Her father considered: ‘Tomorrow, tomorrow will do … by tomorrow it may have passed of its own accord.'

At this moment a knock came at the door: ‘Who is it? Who's there?' asked Tomasz.

‘The Countess has come,' said Flora's voice from the corridor.

‘Joanna?' Tomasz exclaimed with joyful surprise, ‘go to her, Bela … I must collect my wits somewhat … Well, just fancy! I wager she has found out about the thirty thousand … Go to her, Bela! Mikołaj!'

And he began fidgeting around the bedroom looking for various parts of his attire, while Izabela went to her aunt, who was already awaiting her in the drawing-room. Seeing Izabela, the Countess embraced her: ‘So God is good, after all,' she exclaimed, ‘to send you so much happiness! Well, I hear Tomasz got ninety thousand for the house and your dowry is safe. I'd never have supposed …'

‘Aunt, my father expected more, but some Jew, the new purchaser, frightened off other bidders,' said Izabela, rather offended.

‘Oh, my child — haven't you found out about your father's impractical ways? He may have imagined the house was worth millions, while in fact it was worth seventy thousand or so at the most. After all, houses are auctioned every day, everyone knows what they are like and what is paid for them. Anyhow, there is nothing more to be said; let your father imagine he was cheated, but you, Bela, do pray for the health of that Jew who paid ninety thousand … By the way, did you know Kazio Starski is back?'

A powerful flush appeared on Izabela's face: ‘When? Where from?' she asked, confused.

‘Straight from England, whence he'd gone from China. As handsome as ever, and now he's going to his grandmama's — she, apparently, is to leave him her fortune.'

‘Doesn't she live in your neighbourhood?'

‘That is precisely what I want to talk to you about. He asked a great deal about you, and I, being sure you have been cured of some of your whims, have advised him to call on you tomorrow.'

‘Oh, delightful!' Izabela exclaimed, gratified.

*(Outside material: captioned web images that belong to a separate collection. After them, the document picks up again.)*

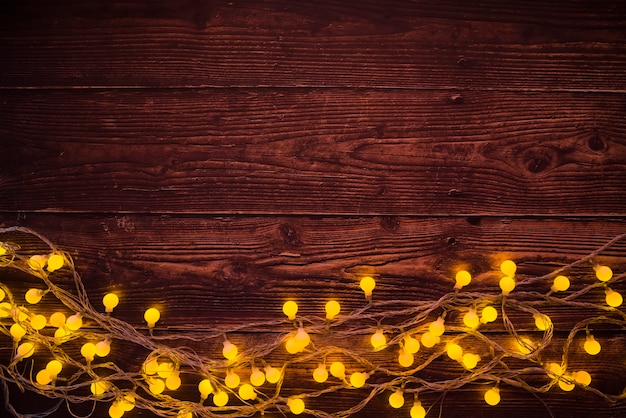 Burning garland on brown table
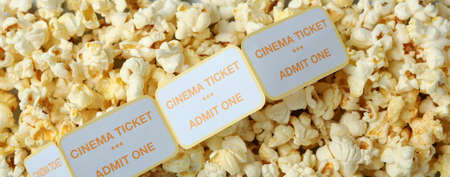 Popcorn with tickets all over background, close up.の写真素材
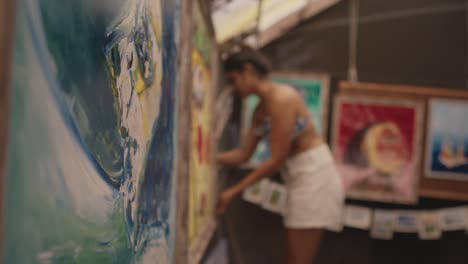 beautiful artwork is hanging on the walls, and a girl is working in the background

‘There, you see,' said the Countess, kissing her, ‘your aunt is always thinking of you. He is an excellent match for you, and it will be all the easier to bring it off now that Tomasz has some capital, which ought to suffice him, and Kazio has heard something of Aunt Hortensja's will in your favour. Well, I daresay Starski is somewhat in debt. But in any case, what will be left him of his grandmother's fortune plus what you may get from Hortensja, ought to suffice you both for some time. Later — we will see. He still has an uncle; you have me, so your children will not be poor.'

Izabela kissed her aunt's hands in silence. At this moment she was so beautiful that the Countess, embracing her, drew her to a mirror and said, with a smile: ‘Well, mind you look like this tomorrow and you'll see that the wounds in Kazio's heart will re-open … Though it is a pity you turned him down that time … You would have had a hundred or a hundred and fifty thousand roubles more today … I imagine that the poor boy must have spent a great deal of money in his despair … But …' the Countess added, ‘is it true that you and your father want to go to Paris?'

‘We intend to.'

‘Please, Bela,' her aunt begged, ‘do not go. I particularly want to suggest that you spend the rest of the summer with me. And you must, even if only for Starski's sake. You know, the young fellow will be bored in the country, he'll dream … You can meet every day and under such circumstances it will be the easiest thing in the world to attach him to you, even obligate him …'

Izabela blushed more than before and bowed her beautiful head: ‘Aunt!' she whispered.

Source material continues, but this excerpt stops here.